Let $ \mathcal F $ be a sheaf (of, say, abelian groups), and $ \mathcal G $ be a subsheaf of $ \mathcal F$. It is not true that, in general, the quotient presheaf $ U \mapsto \mathcal F(U) / \mathcal G(U) $ is a sheaf. Could someone show me a counterexample?
Thanks
Let $X$ be $S^1$ and let $\mathcal{C}$ be the sheaf of continuous real-valued functions; inside of it, let $\mathcal{Z}$ be the sheaf of locally constant functions taking values in the group $2\pi\mathbb{Z}$. Now cover the circle with four big arcs $U_1$, $U_2$, $U_3$, $U_4$ where $U_i$ covers the part of the circle in the $i$th quadrant (and is $\epsilon$ bigger in angle, to be open -- by the way, three arcs would do for a counterexample but it's easier to describe it verbally with 4.)
Define continuous argument functions $\arg_i$ on $U_i$ as follows: in all cases, $\arg_i$ is the angle from the positive $x$-axis; in $U_1$, use a value between $(-\epsilon, \pi/2 + \epsilon)$, in $U_2$, between $(\pi/2 - \epsilon, \pi + \epsilon)$; in $U_3$, between $(\pi - \epsilon, 3\pi/2 + \epsilon)$, and in $U_4$, between $(3 \pi/2 + \epsilon, 2 \pi + \epsilon)$.

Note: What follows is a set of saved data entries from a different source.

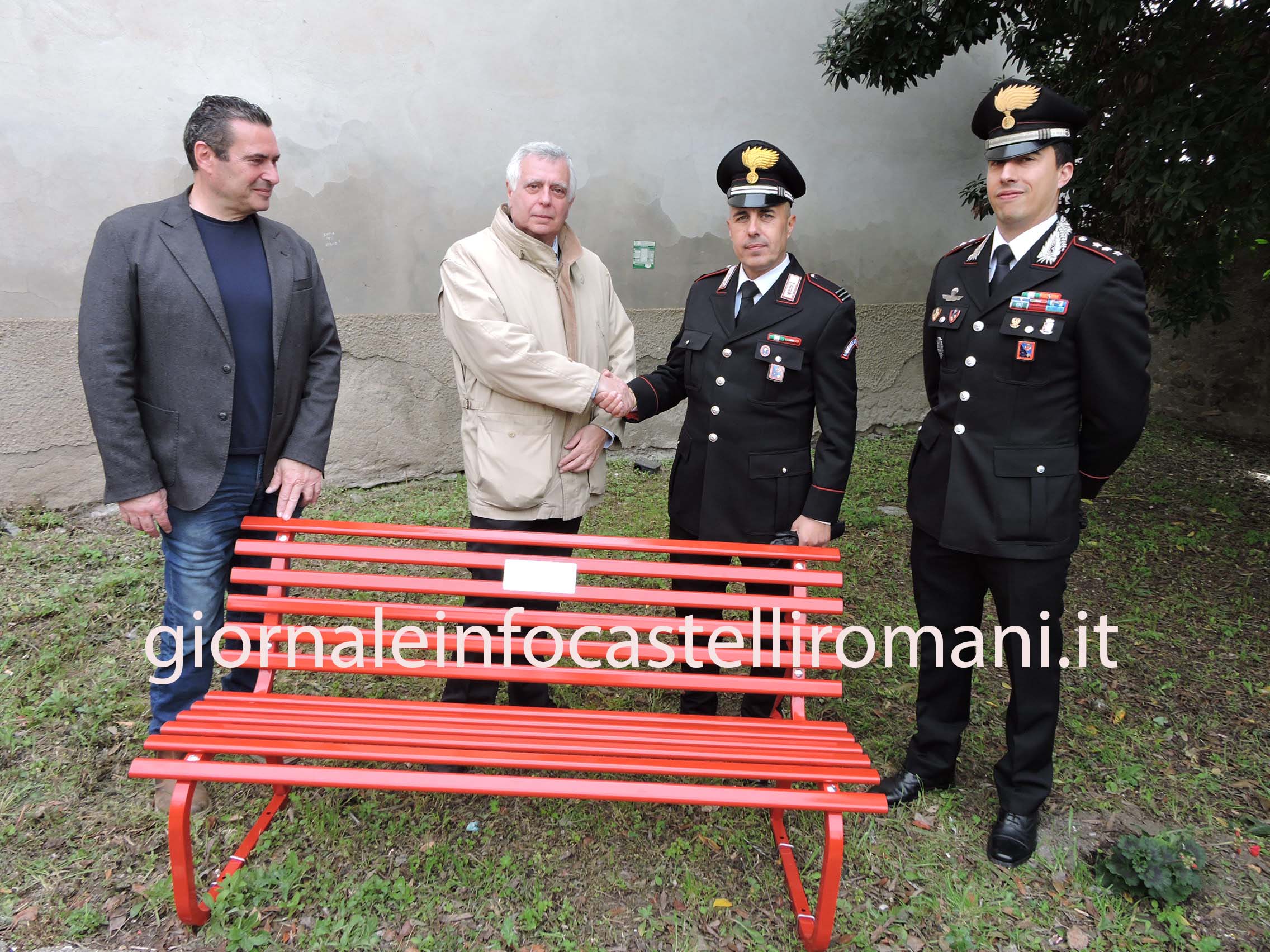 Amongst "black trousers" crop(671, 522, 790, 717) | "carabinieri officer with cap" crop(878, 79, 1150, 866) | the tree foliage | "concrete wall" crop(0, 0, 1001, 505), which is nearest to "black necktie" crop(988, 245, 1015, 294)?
"carabinieri officer with cap" crop(878, 79, 1150, 866)

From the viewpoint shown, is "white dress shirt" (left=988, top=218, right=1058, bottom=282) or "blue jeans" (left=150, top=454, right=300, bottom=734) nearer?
"white dress shirt" (left=988, top=218, right=1058, bottom=282)

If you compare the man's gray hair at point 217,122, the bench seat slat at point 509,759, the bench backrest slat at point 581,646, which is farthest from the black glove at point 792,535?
the man's gray hair at point 217,122

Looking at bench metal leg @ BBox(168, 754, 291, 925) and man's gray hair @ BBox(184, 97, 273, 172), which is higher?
man's gray hair @ BBox(184, 97, 273, 172)

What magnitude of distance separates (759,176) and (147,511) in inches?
76.7

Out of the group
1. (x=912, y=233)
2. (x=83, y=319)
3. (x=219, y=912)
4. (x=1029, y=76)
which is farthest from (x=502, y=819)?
(x=912, y=233)

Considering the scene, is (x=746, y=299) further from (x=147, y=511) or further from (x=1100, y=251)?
(x=147, y=511)

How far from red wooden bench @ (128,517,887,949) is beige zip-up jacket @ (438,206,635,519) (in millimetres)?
251

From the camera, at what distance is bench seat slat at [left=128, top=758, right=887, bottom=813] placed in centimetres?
173

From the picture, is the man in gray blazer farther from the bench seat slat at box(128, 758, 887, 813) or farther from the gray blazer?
the bench seat slat at box(128, 758, 887, 813)

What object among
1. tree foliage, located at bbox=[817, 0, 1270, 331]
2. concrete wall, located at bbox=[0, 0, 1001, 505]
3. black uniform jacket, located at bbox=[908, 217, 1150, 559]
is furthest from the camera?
concrete wall, located at bbox=[0, 0, 1001, 505]

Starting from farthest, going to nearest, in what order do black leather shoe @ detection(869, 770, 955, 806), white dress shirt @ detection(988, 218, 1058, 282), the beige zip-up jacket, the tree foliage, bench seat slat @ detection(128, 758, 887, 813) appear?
1. the tree foliage
2. black leather shoe @ detection(869, 770, 955, 806)
3. the beige zip-up jacket
4. white dress shirt @ detection(988, 218, 1058, 282)
5. bench seat slat @ detection(128, 758, 887, 813)

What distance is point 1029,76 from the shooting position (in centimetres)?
479

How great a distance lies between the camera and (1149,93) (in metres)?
3.86

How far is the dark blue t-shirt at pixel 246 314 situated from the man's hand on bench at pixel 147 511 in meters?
0.23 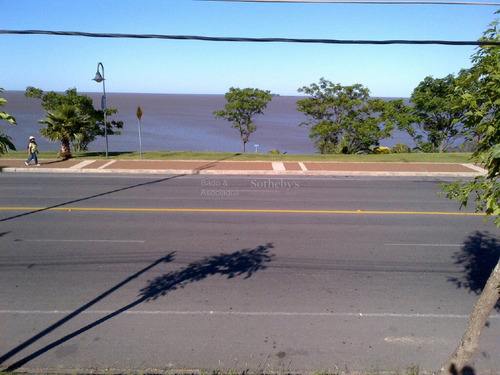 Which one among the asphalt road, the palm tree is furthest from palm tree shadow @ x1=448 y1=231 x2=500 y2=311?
the palm tree

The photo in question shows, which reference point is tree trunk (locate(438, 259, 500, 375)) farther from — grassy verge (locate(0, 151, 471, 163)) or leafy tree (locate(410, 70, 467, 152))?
leafy tree (locate(410, 70, 467, 152))

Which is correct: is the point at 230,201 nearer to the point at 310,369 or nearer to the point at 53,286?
the point at 53,286

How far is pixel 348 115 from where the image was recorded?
89.4 ft

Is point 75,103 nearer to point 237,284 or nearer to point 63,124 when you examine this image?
point 63,124

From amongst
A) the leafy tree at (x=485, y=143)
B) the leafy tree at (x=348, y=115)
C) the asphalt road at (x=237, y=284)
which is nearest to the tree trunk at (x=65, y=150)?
the asphalt road at (x=237, y=284)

Each function $\arg_i$ lives in $\mathcal{C}(U_i)$. Note that there is no function in $\mathcal{C}(X)$ restricting to $\arg_i$ on each $U_i$: there can't be, because $\arg_1$ and $\arg_4$ disagree on the overlap of $U_1$ and $U_4$.
Now consider the $\arg_i$ as members of $\mathcal{C}(U_i)/\mathcal{Z}(U_i)$. Here, they do agree on all the overlaps, because their difference is in all cases either $0$ or $2 \pi$. But there is no element of $\mathcal{C}(X)/\mathcal{Z}(X)$ restricting to this collection, so the second sheaf axiom is not satisfied.